IMPACT
01/05/2015 07:34 pm ET Updated Dec 06, 2017

Group Barrages Company With Sanitary Pads After It Harassed Workers For Menstruating

Birgit Reitz-Hofmann via Getty Images

One group is gathering support online in protest of an Indian company that forced female workers to be strip-searched after a personal hygiene product was found on its premises.

About 45 Indian women -- all employees of Asma Rubber Private Limited and under the age of 50 -- were required to remove their clothing for inspection by two female supervisors after a used tampon was found in a restroom on Dec. 10.

Now, a Facebook campaign "Red Alert: You've got a napkin!" -- launched by "Kiss of Love," a group against moral policing in India -- has joined a chorus of outrage against Asma Rubber Private Limited, and is drawing attention to the lack of awareness regarding women's reproductive health in India, particularly taboos about menstruation.

The group wrote on Facebook:

"This is not a singular act. The lack of, let alone hygienic, but minimal sanitation facilities is a grave issue that women face on a daily basis. Several places do not even allow employees to go to the toilet more than twice during their work time. The several cases reported recently about the discrimination by KSRTC employees towards 'possibly' menstruating women is another instance of this kind which accuses women of 'polluting' and 'contaminating' public and at times, sacred spaces through their presence. Protest against this inhuman act!"

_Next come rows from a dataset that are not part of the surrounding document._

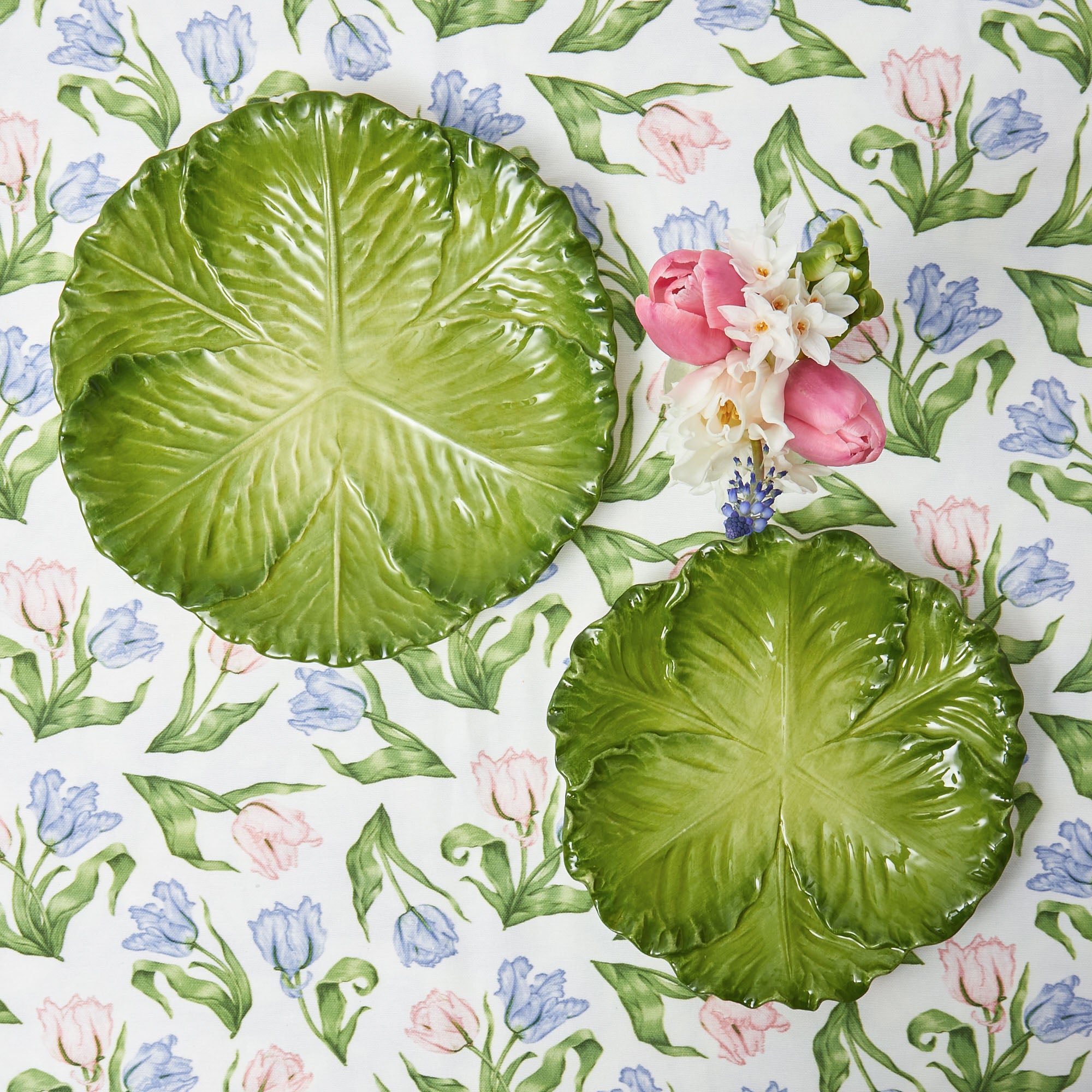 Green Serena Cabbage Starter Plate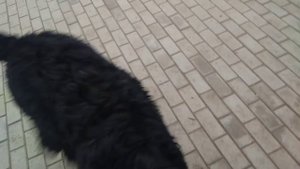 Лай русского чёрного терьера.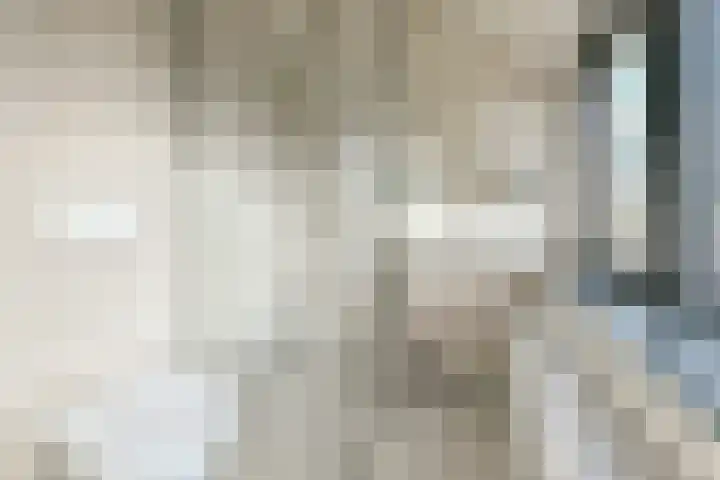 Meerkoetlaan 72 Vinkeveen thumbnail 20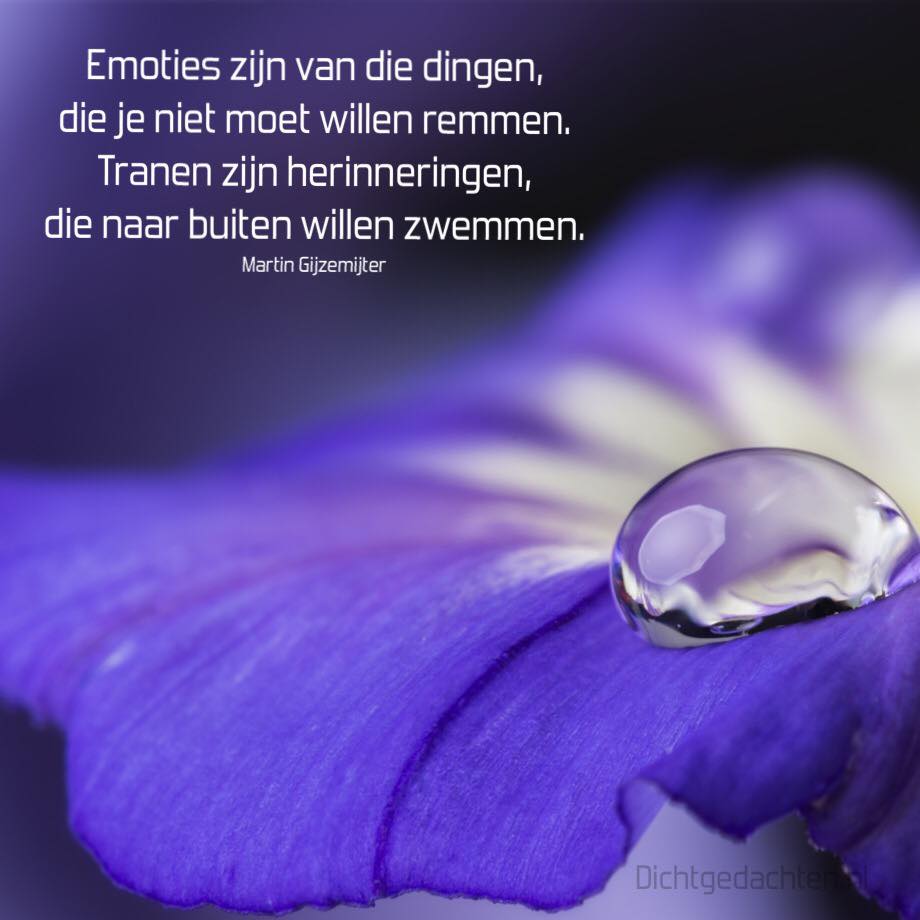 MarjanWolvers's tweet photo. Goedemorgen ! Prachtig gedicht .. https://t.co/jLobrs1SjB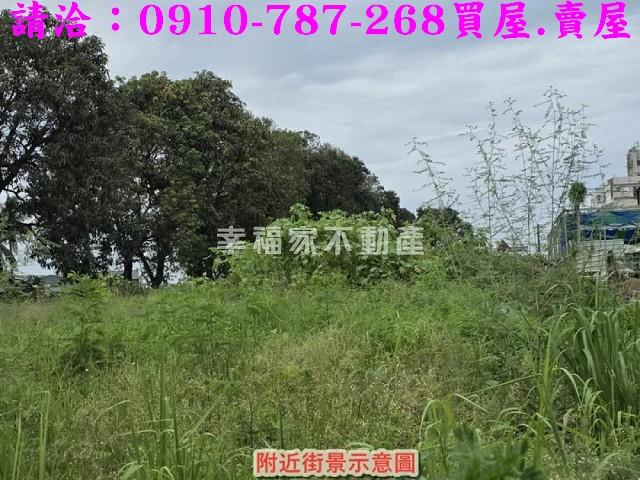 仁德農地-11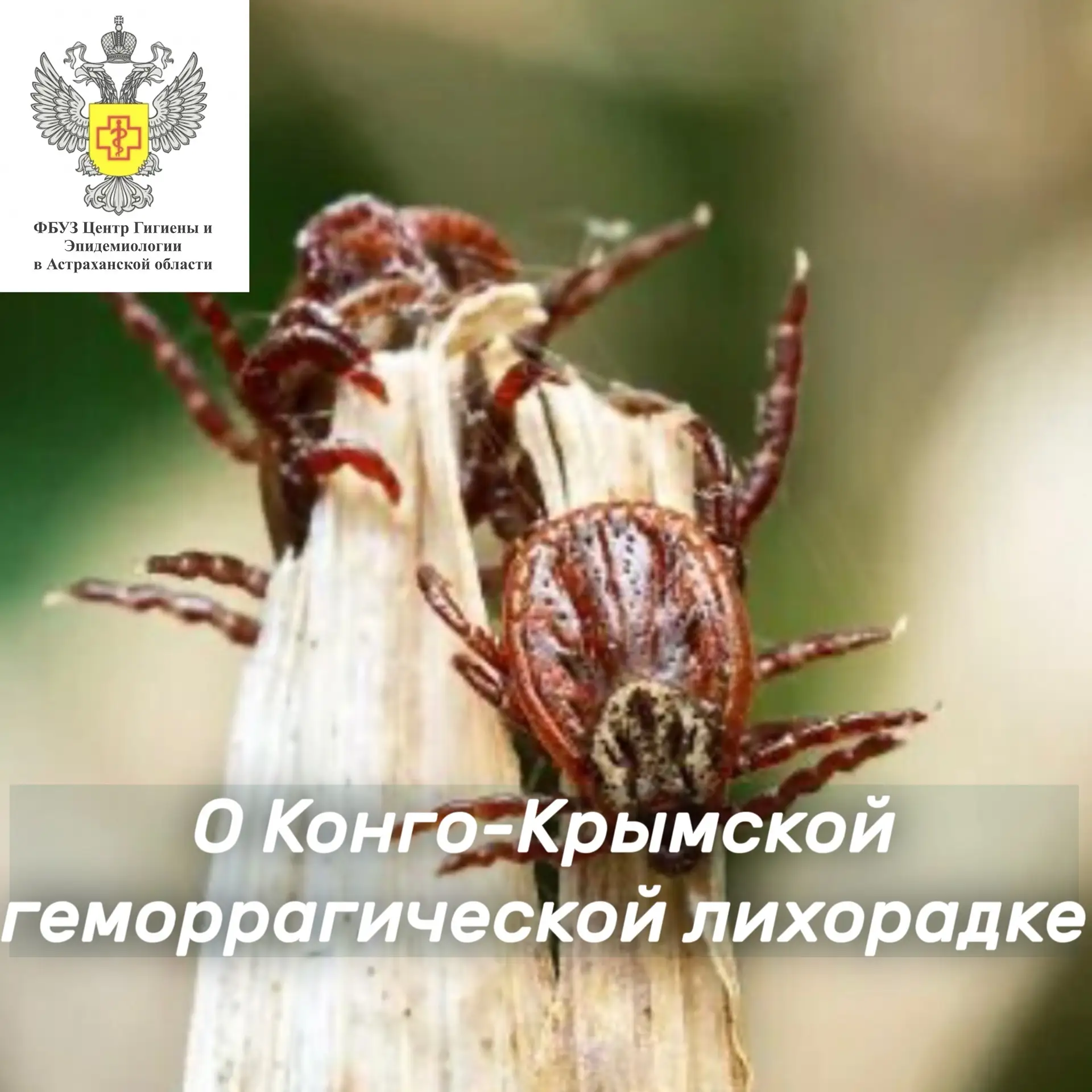 🕷️🩸 О Конго-Крымской геморрагической лихорадке (ККГЛ)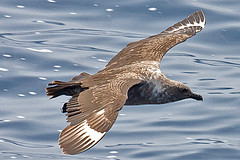 Catharacta maccormicki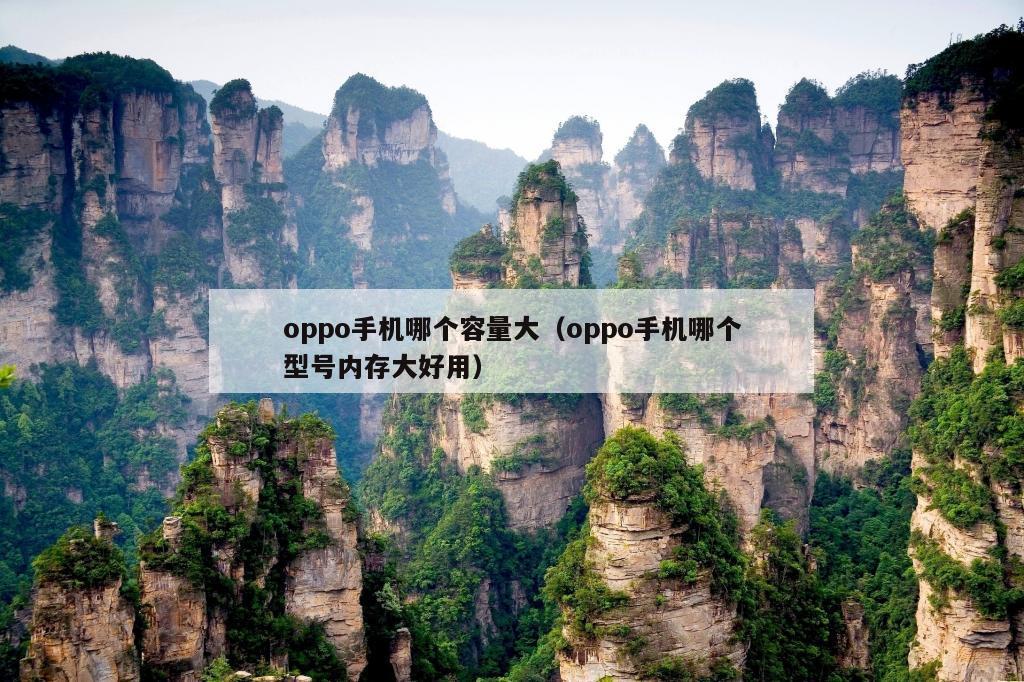 oppo手机哪个容量大（oppo手机哪个型号内存大好用）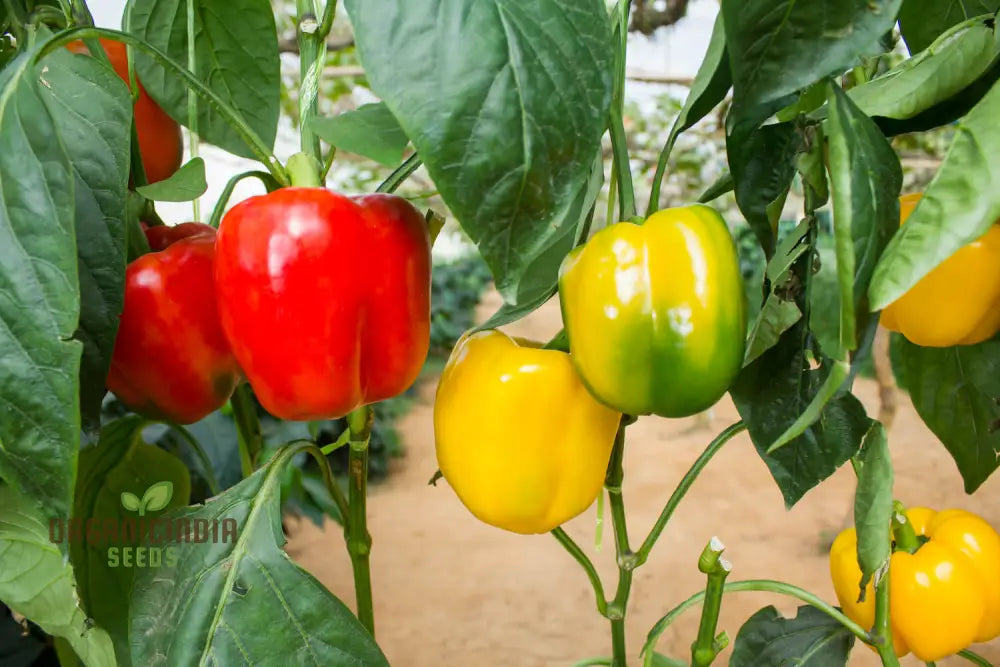 Capsicum Alma Paprika Seeds For Planting Grow Flavorful Peppers At Home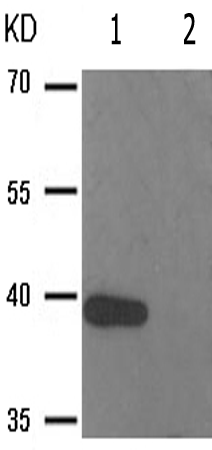 兔抗AURKB(Phospho-Thr232)多克隆抗体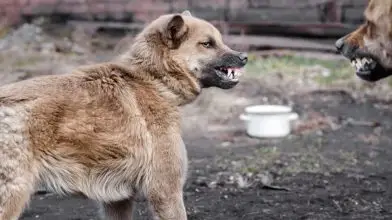 A veszettség elleni védekezésre figyelmeztet a Nébih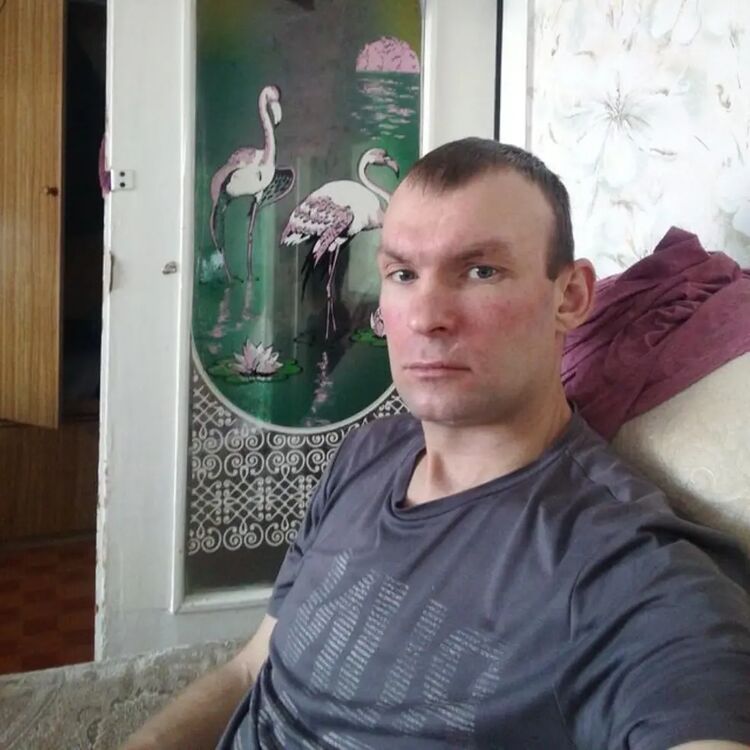  47553537  , 37 ,    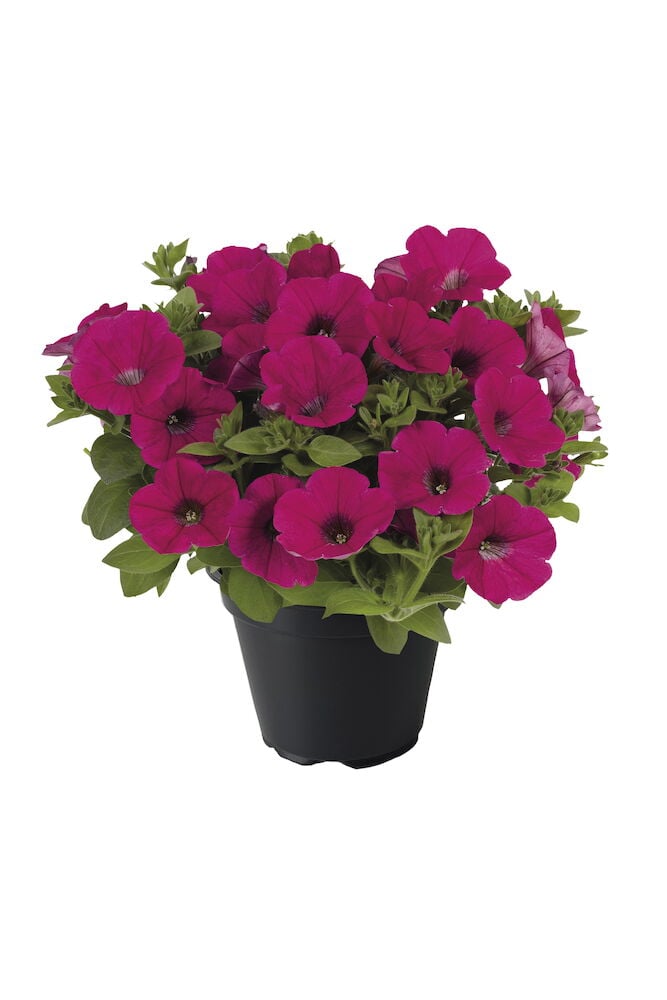 Vaaleanpunaiset kesäkukat mustassa kukkaruukussa.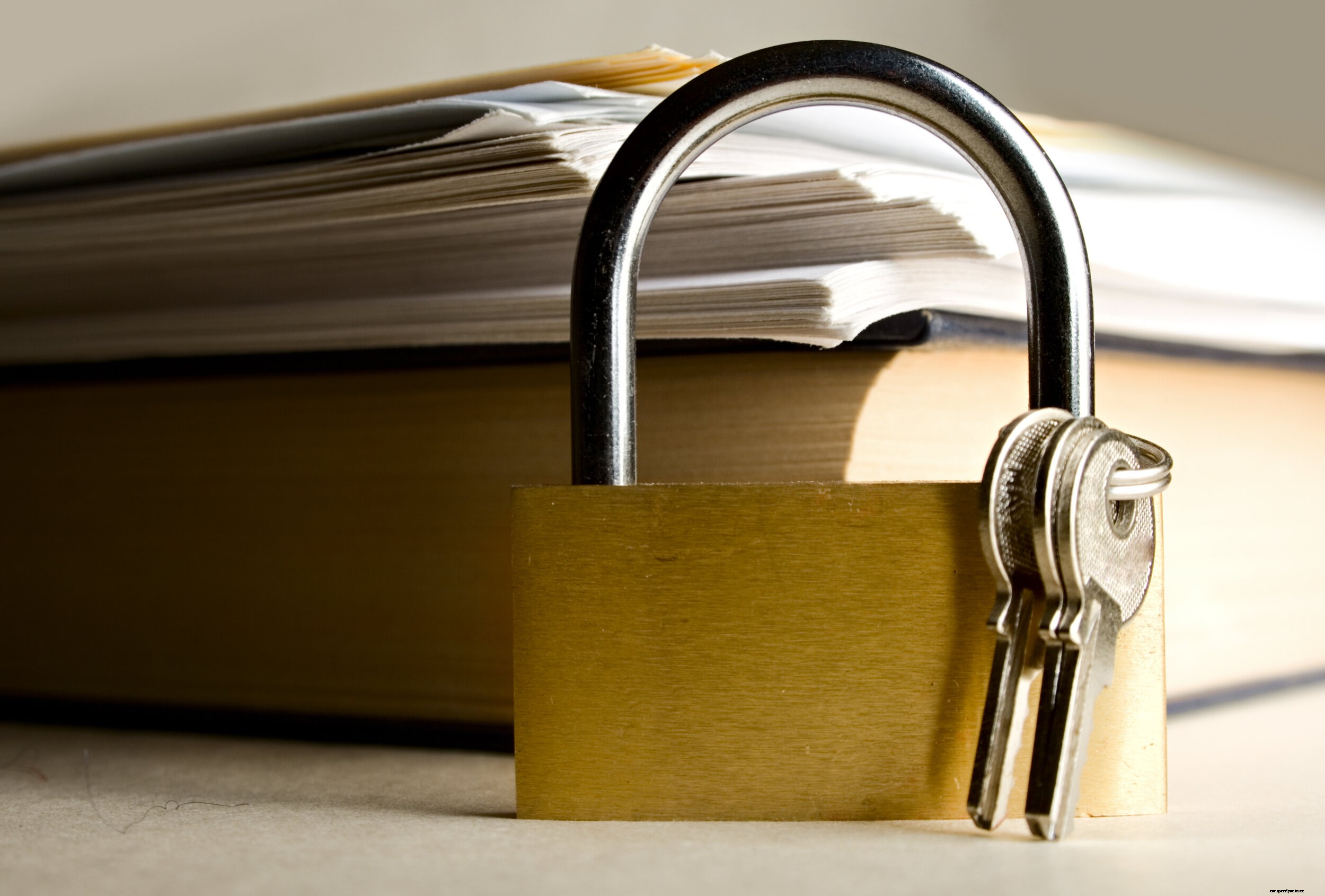 Why Open Standards Matter: Dont Get Locked In Like a Sneaky Timeshare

The "Red Alert: You've got a napkin!" campaign asked supporters to send used or unused sanitary napkins to Asma Rubber Private Limited's offices in protest of its actions. Several people posted photos of the sanitary napkins they've sent in:

As BBC News reported, taboos can lead to harmful myths about women who are menstruating -- that they're impure, filthy or even cursed. Furthermore, Bloomberg reported that taboos around sexual health and hygiene products in India have proven to be a major barrier in preventing women from accessing education and growing their economic potential. One 15-year-old Indian school girl told the BBC that she misses class when she's menstruating because she feels "embarrassed, angry and very dirty."

According to a AC Nielsen study, 12 percent of women in India who are of menstruating age use sanitary napkins. Most women resort to unsafe and unhygienic alternatives, like cloth, ashes and husk sand.

On Dec. 27, following a request from advocacy group Kerala Women's Commission, police in India opened a case against Asma Rubber Private Limited regarding the strip-searching incident.